CUDA OOM on first backward pass after evaluation

leobianco · November 20, 2024, 2:48pm

I am finetuning a google/gemma-2-2b-it model using Trainer. I am using 8 x L4 GPUs, and ZeRO stage 3 partitioning via accelerate’s deepspeed. Once the first training epoch is over, evaluation happens and I see the resulting metrics on my terminal. The problem happens when the model tries to continue training.
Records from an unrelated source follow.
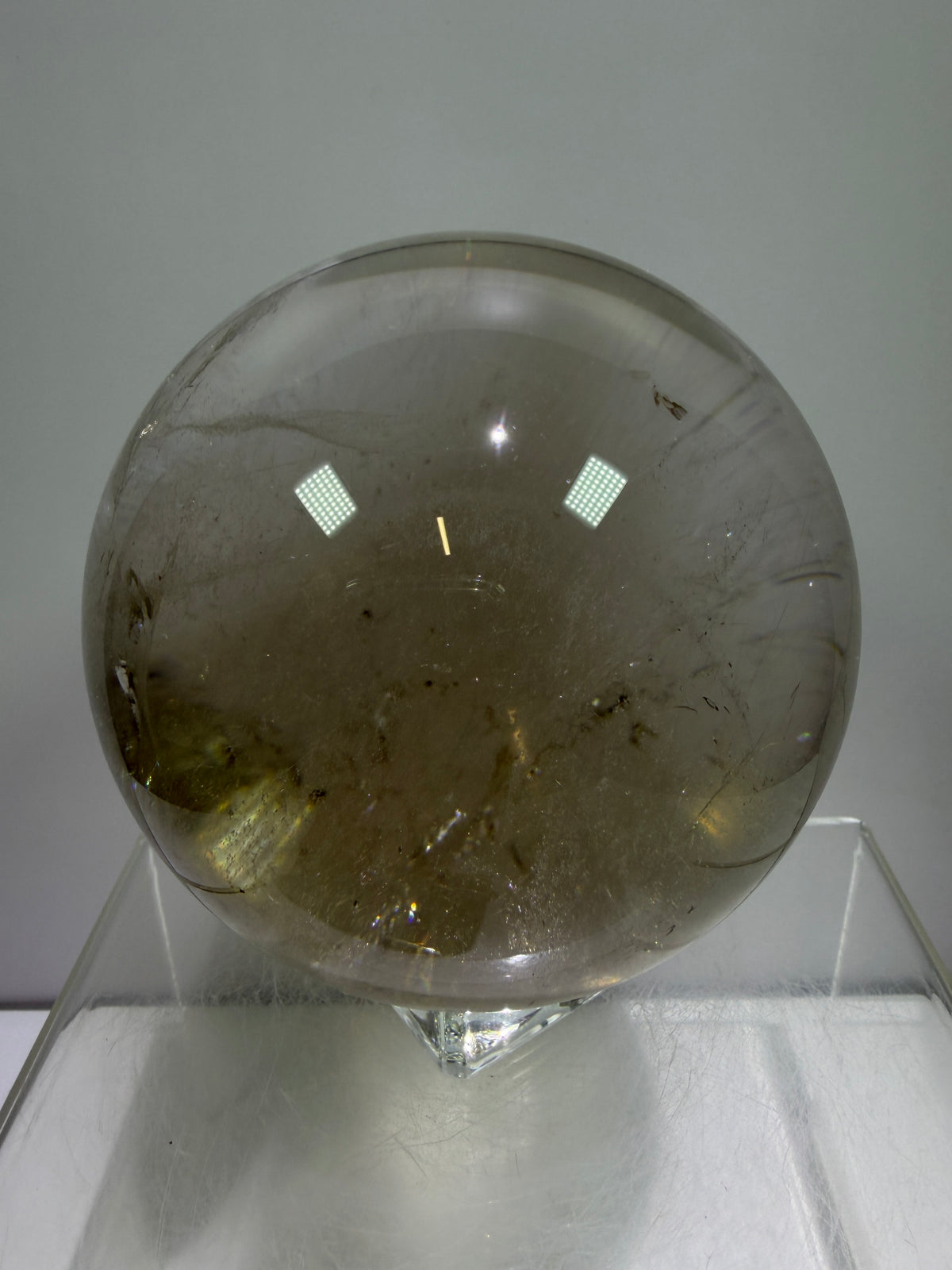 Rutile Quartz Sphere. 82mm. Stunning Large Display Sphere. Gorgeous Light Smoky Rutile Quartz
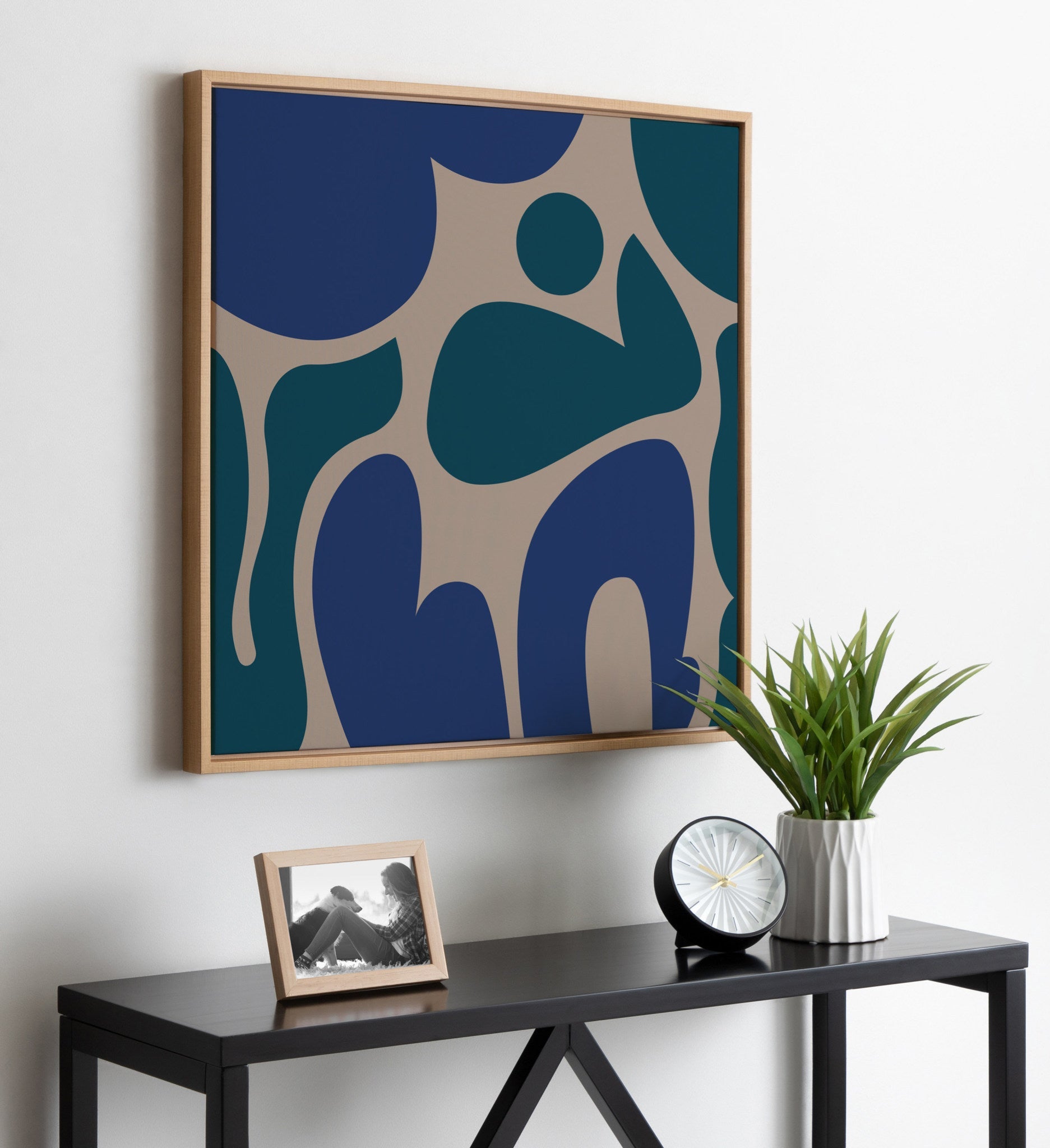 Sylvie Groovy Happy Abstract Blue and Green Framed Canvas by The Creative Bunch Studio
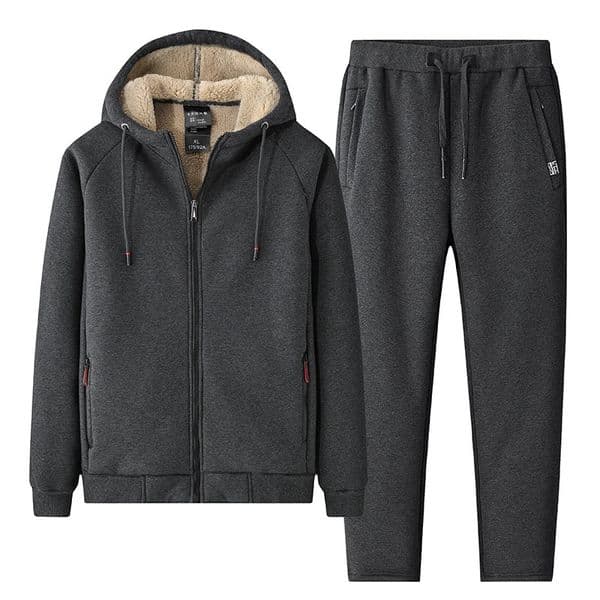 Winter Soild Color Mens Sets Thick Fleece Two Pieces Set Warm Cashmere Tracksuit Outerwear Casual Clothing 241031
During the first backward pass of the second training epoch, I get the following OOM error:

File "/home/leobianco/hallucination_reduction/reward_model.py", line 220, in main
trainer.train(resume_from_checkpoint=training_args.resume_from_checkpoint)
File "/home/leobianco/hallucination_reduction/.venv/lib/python3.11/site-packages/transformers/trainer.py", line 2123, in train
return inner_training_loop(
        ^^^^^^^^^^^^^^^^^^^^
File "/home/leobianco/hallucination_reduction/.venv/lib/python3.11/site-packages/transformers/trainer.py", line 2481, in _inner_training_loop
tr_loss_step = self.training_step(model, inputs, num_items_in_batch)
               ^^^^^^^^^^^^^^^^^^^^^^^^^^^^^^^^^^^^^^^^^^^^^^^^^^^^^
File "/home/leobianco/hallucination_reduction/.venv/lib/python3.11/site-packages/transformers/trainer.py", line 3612, in training_step
self.accelerator.backward(loss, **kwargs)
File "/home/leobianco/hallucination_reduction/.venv/lib/python3.11/site-packages/accelerate/accelerator.py", line 2233, in backward
self.deepspeed_engine_wrapped.backward(loss, **kwargs)
File "/home/leobianco/hallucination_reduction/.venv/lib/python3.11/site-packages/accelerate/utils/deepspeed.py", line 186, in backward
self.engine.backward(loss, **kwargs)
File "/home/leobianco/hallucination_reduction/.venv/lib/python3.11/site-packages/deepspeed/utils/nvtx.py", line 18, in wrapped_fn
ret_val = func(*args, **kwargs)
          ^^^^^^^^^^^^^^^^^^^^^
File "/home/leobianco/hallucination_reduction/.venv/lib/python3.11/site-packages/deepspeed/runtime/engine.py", line 2020, in backward
self.optimizer.backward(loss, retain_graph=retain_graph)
File "/home/leobianco/hallucination_reduction/.venv/lib/python3.11/site-packages/deepspeed/utils/nvtx.py", line 18, in wrapped_fn
ret_val = func(*args, **kwargs)
         ^^^^^^^^^^^^^^^^^^^^^
File "/home/leobianco/hallucination_reduction/.venv/lib/python3.11/site-packages/deepspeed/runtime/zero/stage3.py", line 2259, in backward
self.loss_scaler.backward(loss.float(), retain_graph=retain_graph)
File "/home/leobianco/hallucination_reduction/.venv/lib/python3.11/site-packages/deepspeed/runtime/fp16/loss_scaler.py", line 63, in backward
scaled_loss.backward(retain_graph=retain_graph)
File "/home/leobianco/hallucination_reduction/.venv/lib/python3.11/site-packages/torch/_tensor.py", line 581, in backward
torch.autograd.backward(
File "/home/leobianco/hallucination_reduction/.venv/lib/python3.11/site-packages/torch/autograd/__init__.py", line 347, in backward
_engine_run_backward(
File "/home/leobianco/hallucination_reduction/.venv/lib/python3.11/site-packages/torch/autograd/graph.py", line 825, in _engine_run_backward
return Variable._execution_engine.run_backward(  # Calls into the C++ engine to run the backward pass

torch.OutOfMemoryError: CUDA out of memory. Tried to allocate 500.00 MiB. GPU 6 has a total capacity of 21.95 GiB of which 318.12 MiB is free. Including non-PyTorch memory, this process has 21.63 GiB memory in use. Of the allocated memory 12.71 GiB is allocated by PyTorch, and 8.57 GiB is reserved by PyTorch but unallocated. If reserved but unallocated memory is large try setting PYTORCH_CUDA_ALLOC_CONF=expandable_segments:True to avoid fragmentation.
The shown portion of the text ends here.